| AVS 65th International Symposium & Exhibition | |
| Plasma Science and Technology Division | Tuesday Sessions |
| Session PS+EM+SE-TuM |
| Session: | Plasma Processing of Challenging Materials - I |
| Presenter: | Toshiaki Kato, Tohoku University, Japan |
| Authors: | T. Kato, Tohoku University, Japan T. Kaneko, Tohoku University, Japan |
| Correspondent: | Click to Email |
Graphene nanoribbons (GNRs) combine the unique electronic and spin properties of graphene with a transport gap that arises from quantum confinement and edge effects. This makes them an attractive candidate material for the channels of next-generation transistors. However, the reliable site and alignment control of nanoribbons with high on/off current ratios remains a challenge. We have developed a new, simple, scalable method based on novel plasma catalytic reaction [1-5] for directly fabricating narrow GNRs devices with a clear transport gap [6]. Since the establishment of our novel GNR fabrication method, direct conversion of a Ni nanobar to a suspended GNR is now possible. Indeed, GNRs can be grown at any desired position on an insulating substrate without any post-growth treatment, and the wafer-scale synthesis of suspended GNR arrays with a very high yield (over 98%) is realized [7]. The growth dynamics of suspended GNR is also investigated through the systematic experimental study combined with molecular dynamics simulation and theoretical calculations for phase diagram analysis. The improvement of thermal stability of Ni nanobar can be a key to realize the GNR nucleation in our method, which can be given by supplying higher density of carbon from plasma to liquid-phase Ni nanobar. The wettability of liquid-phase Ni nanobar against to the SiO2 substrate is also found to be an important factor forming the suspended structure of GNR. It is also revealed that the minimum length of GNR can be decided by the wavelength of Plateau-Rayleigh instability known as a traditional instability of fluid flow. We believe that our results can contribute to pushing the study of atomically thin layered materials from basic science into a new stage related to the optoelectrical applications [8-10] in industrial scale.
References
[1] T. Kato and R. Hatakeyama, J. Am. Chem. Soc. 130 (2008) 8101.
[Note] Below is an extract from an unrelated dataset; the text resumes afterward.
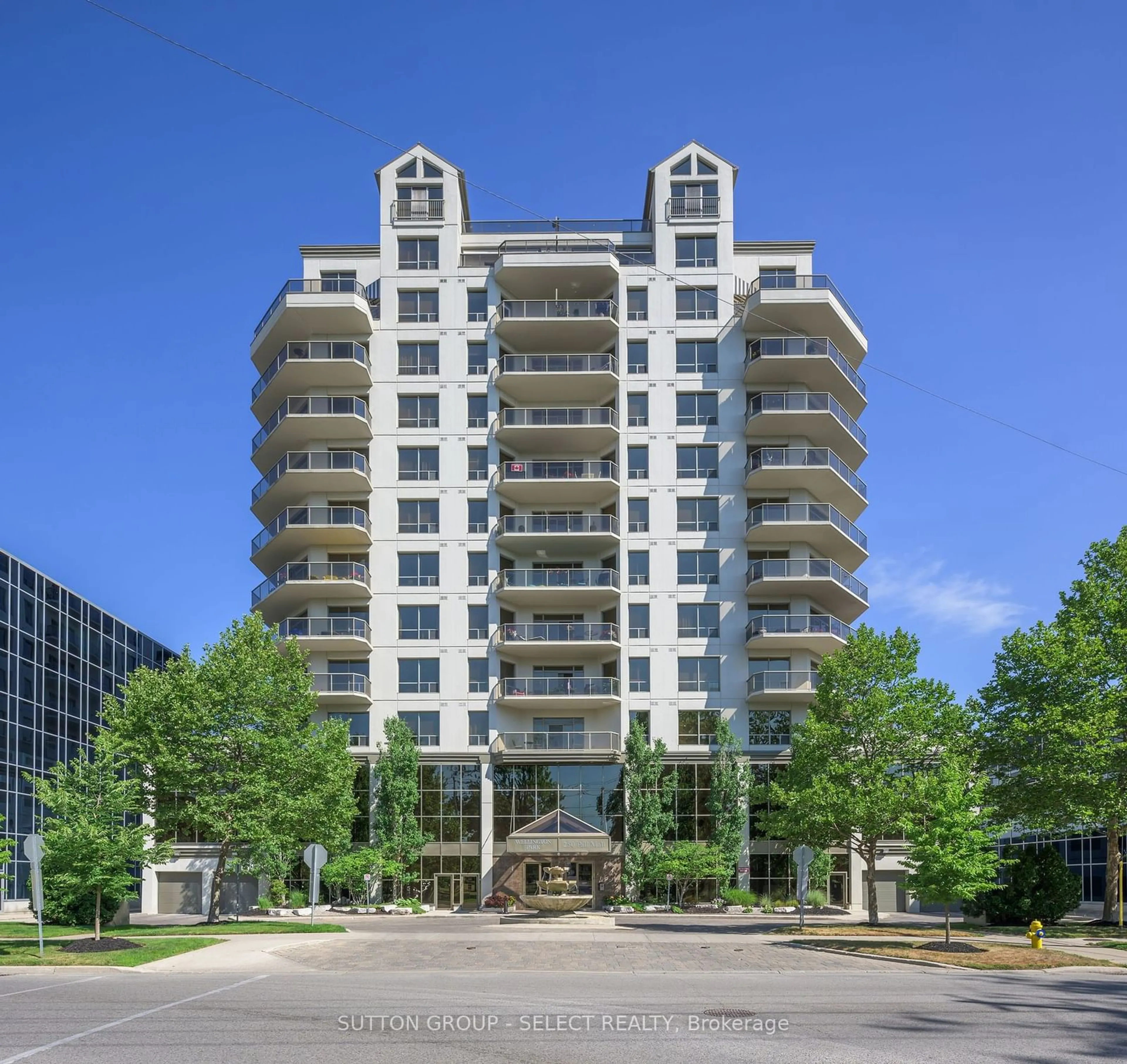 A pic from exterior of the house or condo for 250 Pall Mall St #906, London Ontario N6A 6K3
[2] T. Kato and R. Hatakeyama, ACS Nano 4 (2010) 7395.
[3] T. Kato and R. Hatakeyama, ACS Nano 6 (2012) 8508.
[4] T. Kato and R. Hatakeyama, ACS Nano 4 (2010) 7395.
[5] B. Xu, T. Kaneko, Y. Shibuta, T. Kato, Scientific Reports 7 (2017) 11149.
[6] T. Kato and R. Hatakeyama, Nature Nanotechnology 7 (2012) 651.
[7] H. Suzuki, T. Kaneko, Y. Shibuta, M. Ohno, Y. Maekawa, and T. Kato, Nature Communications 7 (2016) 11797.
[8] T. Kato and T. Kaneko, ACS Nano 8 (2014) 12777.
[9] T. Akama, W. Okita, R. Nagai, C. Li, T. Kaneko, T. Kato, Scientific Reports 7 (2017) 11967.
[10] T. Kato and T. Kaneko, ACS Nano 10 (2016) 9687.